§ Try it
Could you give back exactly the lines below from the one with "2014 Toyota Sienna LE FWD" through the one with "1600 Shady Shores Dr — Photo 6", without a single picture?

§ Material to process
↓↓↓

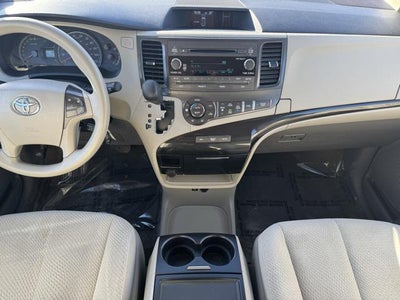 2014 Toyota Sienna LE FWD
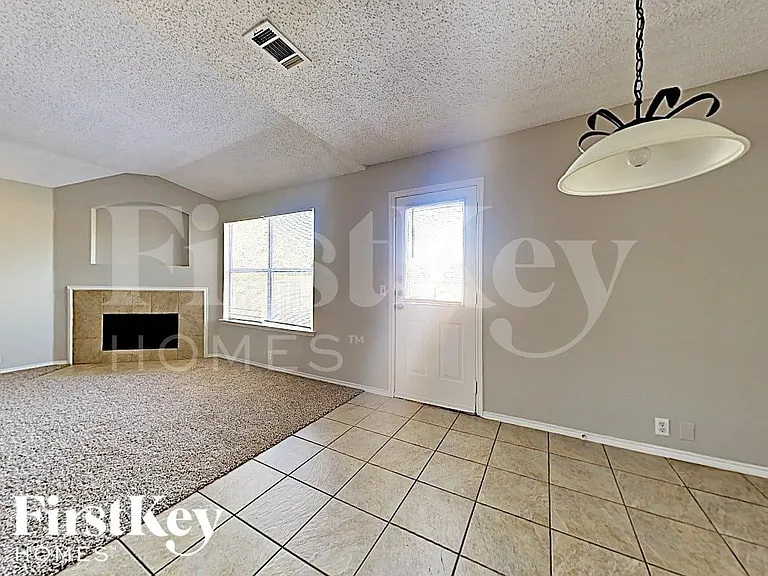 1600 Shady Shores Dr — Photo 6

↑↑↑
↓↓↓

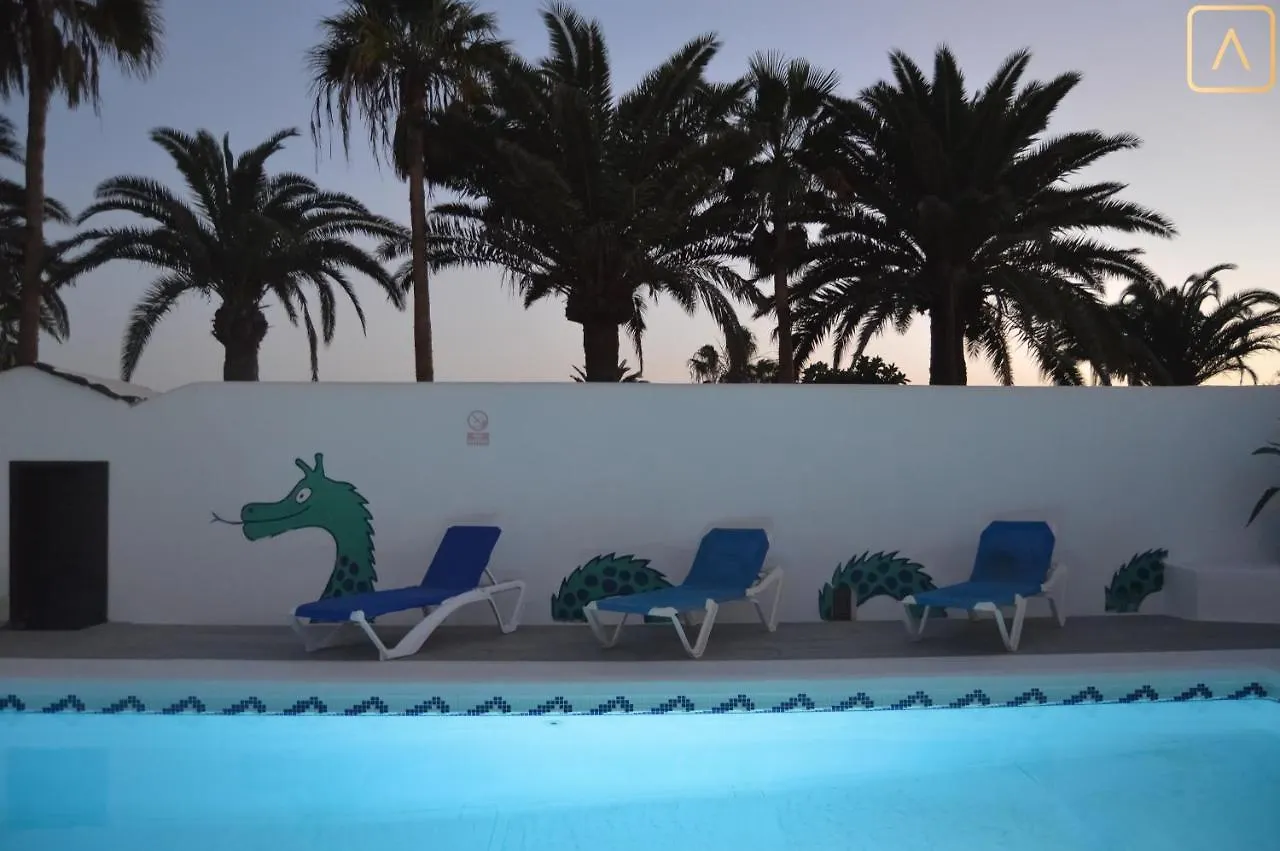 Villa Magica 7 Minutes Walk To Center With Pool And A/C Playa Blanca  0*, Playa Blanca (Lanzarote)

↑↑↑

§ Answer to this problem
 2014 Toyota Sienna LE FWD
 1600 Shady Shores Dr — Photo 6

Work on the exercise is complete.